Step 403, when the server detects that the target chapter does not have a corresponding generated audio file, the target chapter is segmented to obtain a plurality of segmented texts.

Step 404, after obtaining each cut text, the server sends the obtained cut text to the audio conversion server.

Step 405, after generating an audio file corresponding to any segmentation text, the audio conversion server sends the generated audio file to the server.

Step 406, the server receives and stores the audio file corresponding to the segmentation text sent by the audio conversion server, and generates an audio list based on the file information and the identification information of the audio file.

Step 407, the server sends the audio list to the user terminal.

Step 408, the user side receives the audio list sent by the server, and controls the player to sequentially play the audio files corresponding to the cut text based on the audio list.

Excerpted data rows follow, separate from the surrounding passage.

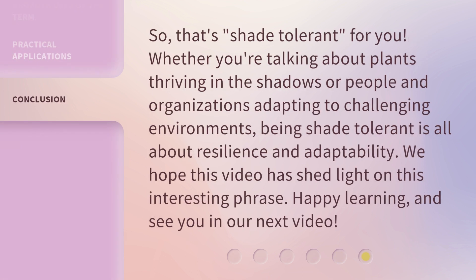So, that's shade tolerant for you. Whether you're talking about plants thriving in the shadows or people and organizations adapting to challenging environments, being shade tolerant is all about resilience and adaptability. We hope this video has shed light on this interesting phrase. Happy learning, and see you in our next video.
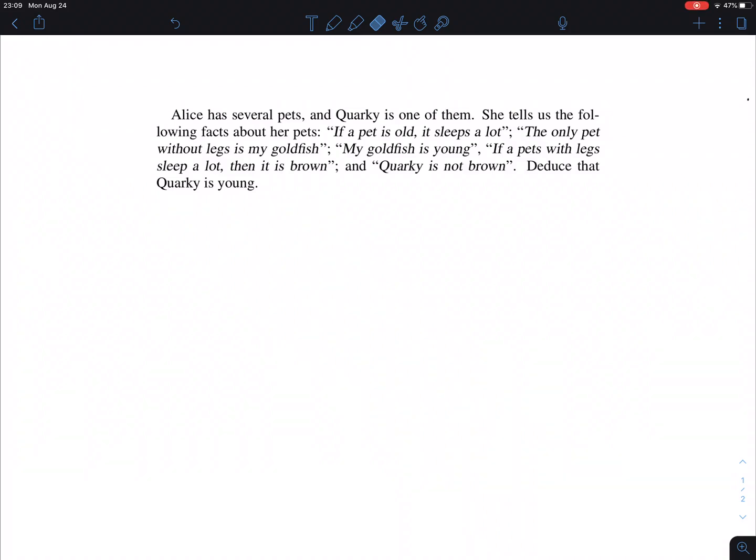Let's prepare for the quiz on rules of inference — propositional logic. Here is a statement about Alice's pet Quarky. We have the following information: if a pet is old it sleeps a lot; the only pet without legs is my goldfish; my goldfish is young; if a pet with legs sleeps a lot then it is brown.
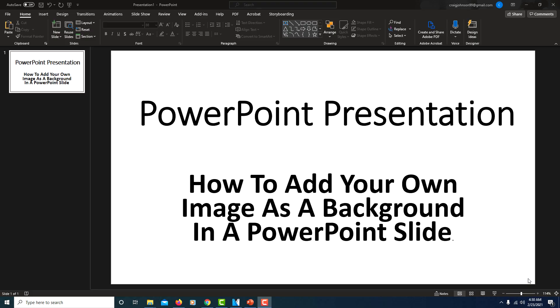In this video I'm going to show you how you could add your own image as a background in a PowerPoint slide. Pretty easy to do.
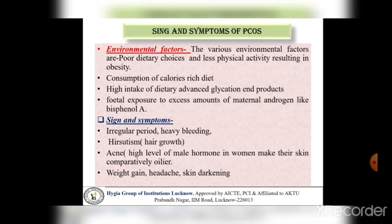Signs and Symptoms: In the case of PCOS, कुछ common symptoms होते हैं जैसे कि irregular periods या heavy bleeding — यह बहुत ज़्यादा common symptom होता है। Next है hirsutism, इसका मतलब होता है excessive unwanted hair growth। Next है acne — high level of male hormone in women make their skin comparatively oilier। इसके अलावा weight gain, headache और skin darkening भी PCOS के common symptoms होते हैं।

It will be appreciated by those skilled in the art that in the above-described method of the specific embodiments, the written order of steps is not meant to imply a strict order of execution but rather should be construed according to the function and possibly inherent logic of the steps.

According to the audio conversion method and the audio playing method provided by the embodiment of the disclosure, under the condition that the target chapter does not have the generated audio file, the chapter can be segmented, then the audio conversion server can convert by taking the segmented text as a unit, the segmented text is sent to the user side for playing after conversion, in the process, the time for converting the segmented text is shorter, so that the purposes of converting the audio conversion server and playing the audio file at the side of the user side can be achieved, the waiting time of the user is shortened, and the user experience is improved.

Based on the same inventive concept, the embodiments of the present disclosure further provide an audio conversion device corresponding to the audio conversion method, and since the principle of solving the problem by the device in the embodiments of the present disclosure is similar to that of the audio conversion method in the embodiments of the present disclosure, the implementation of the device may refer to the implementation of the method, and the repetition is omitted.

Referring to fig. 5, an architecture diagram of an audio conversion device according to an embodiment of the disclosure is shown, where the device includes: a receiving module 501, a slicing module 502, a generating module 503, and a transmitting module 504, wherein,

a receiving module 501, configured to receive an audio acquisition request corresponding to a target chapter;

the segmentation module 502 is configured to segment the target chapter to obtain a plurality of segmented texts in response to the absence of the audio file corresponding to the target chapter;

a generating module 503, configured to generate an audio file corresponding to each of the cut texts, and determine identification information of the audio file according to a typesetting sequence of each of the cut texts in the target chapter; storing audio files corresponding to the segmentation texts, and generating an audio list based on file information of the audio files corresponding to the segmentation texts and identification information of the audio files;

and the sending module 504 is configured to determine a total predicted playing duration of the target chapter, and send the audio list and the total predicted playing duration to a user side.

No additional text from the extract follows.